Transcribe word for word the section of the records below that opens with the line containing "DINHEIRO, MERCADORIA E" and closes with the line containing "mis remedios caseros"; drop every picture.
(Beginning of Data under study)
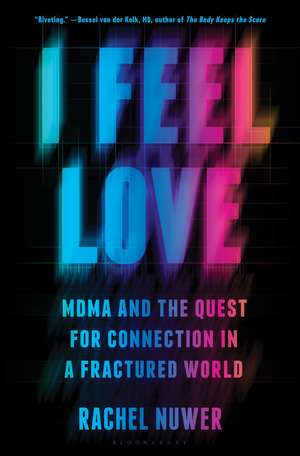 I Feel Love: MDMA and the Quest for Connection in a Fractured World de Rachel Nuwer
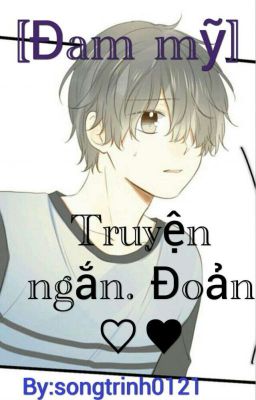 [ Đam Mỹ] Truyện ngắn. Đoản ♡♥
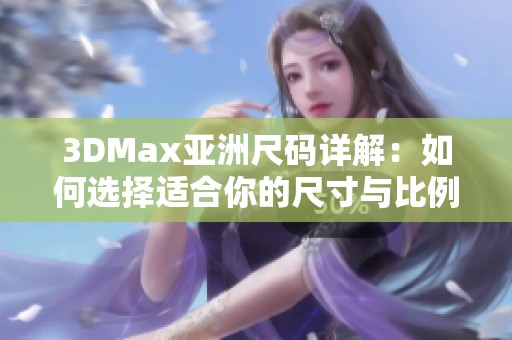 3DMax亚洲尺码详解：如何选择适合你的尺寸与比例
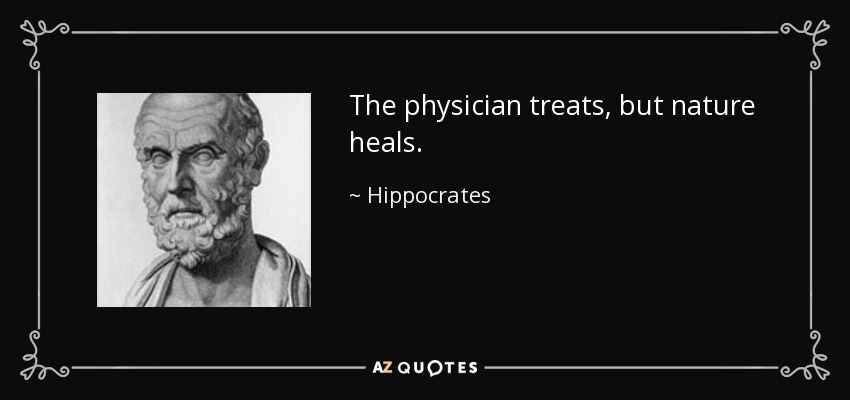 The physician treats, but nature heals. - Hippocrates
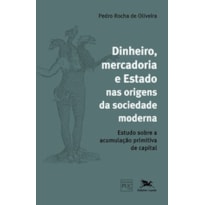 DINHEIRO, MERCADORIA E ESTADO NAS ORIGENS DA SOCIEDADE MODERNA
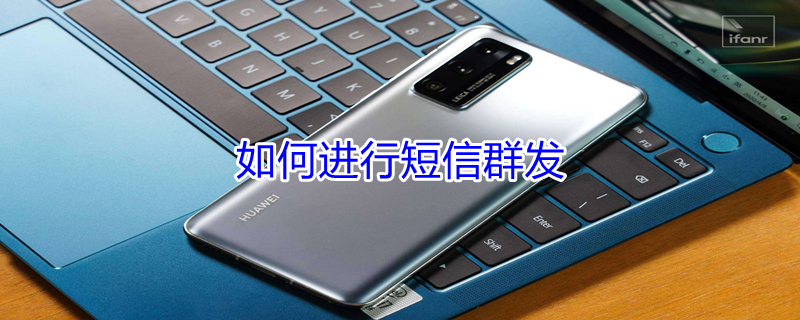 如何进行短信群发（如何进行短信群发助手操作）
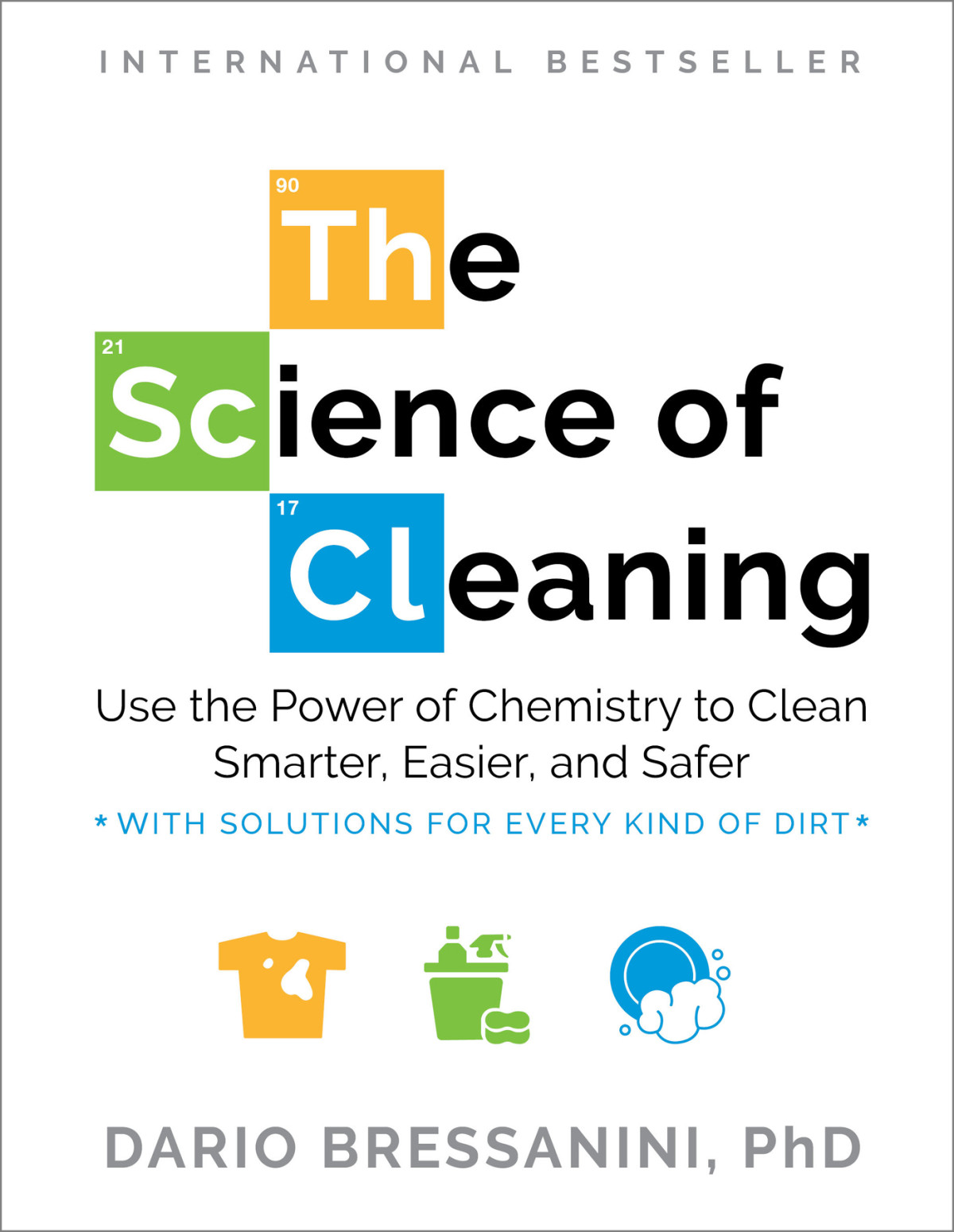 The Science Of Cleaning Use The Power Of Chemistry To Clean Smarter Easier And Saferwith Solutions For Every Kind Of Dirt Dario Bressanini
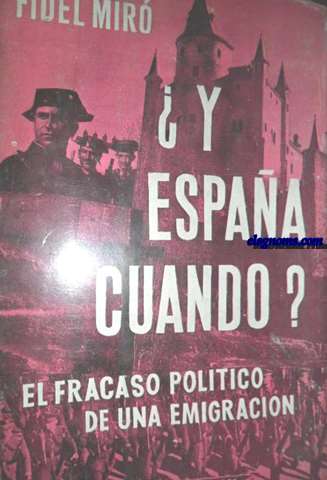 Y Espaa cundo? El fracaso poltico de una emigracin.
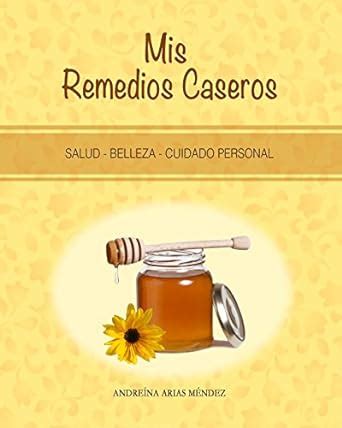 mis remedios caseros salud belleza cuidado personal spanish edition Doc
(End of Data under study)
(Beginning of Data under study)
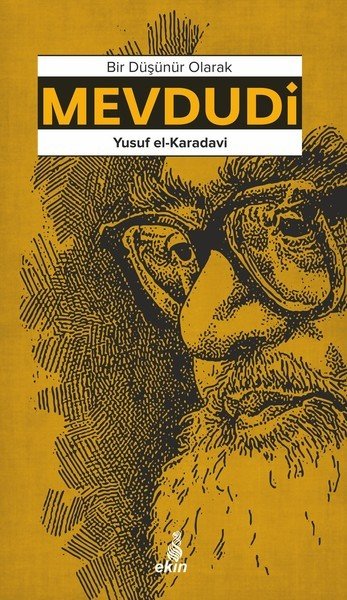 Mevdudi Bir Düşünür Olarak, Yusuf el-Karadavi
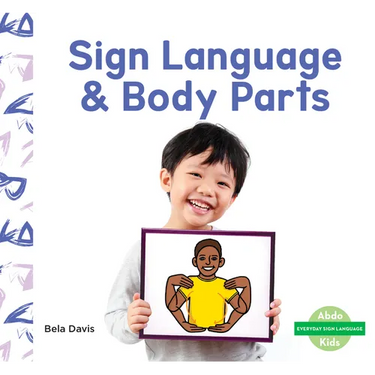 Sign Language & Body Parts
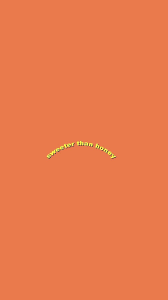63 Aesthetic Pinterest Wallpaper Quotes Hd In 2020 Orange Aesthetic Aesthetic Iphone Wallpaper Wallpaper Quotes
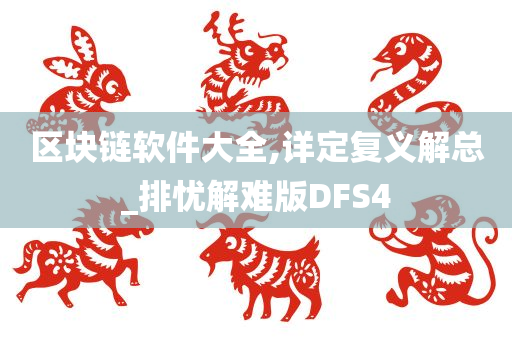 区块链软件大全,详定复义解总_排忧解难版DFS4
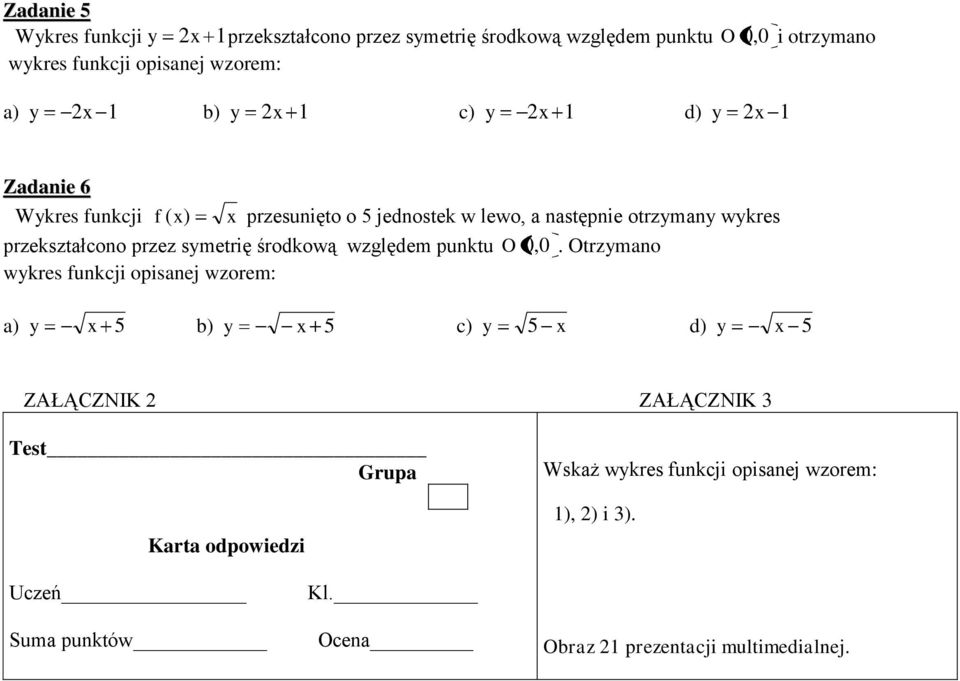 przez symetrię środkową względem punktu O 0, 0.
(End of Data under study)
Your solution:
 DINHEIRO, MERCADORIA E ESTADO NAS ORIGENS DA SOCIEDADE MODERNA
 如何进行短信群发（如何进行短信群发助手操作）
 The Science Of Cleaning Use The Power Of Chemistry To Clean Smarter Easier And Saferwith Solutions For Every Kind Of Dirt Dario Bressanini
 Y Espaa cundo? El fracaso poltico de una emigracin.
 mis remedios caseros salud belleza cuidado personal spanish edition Doc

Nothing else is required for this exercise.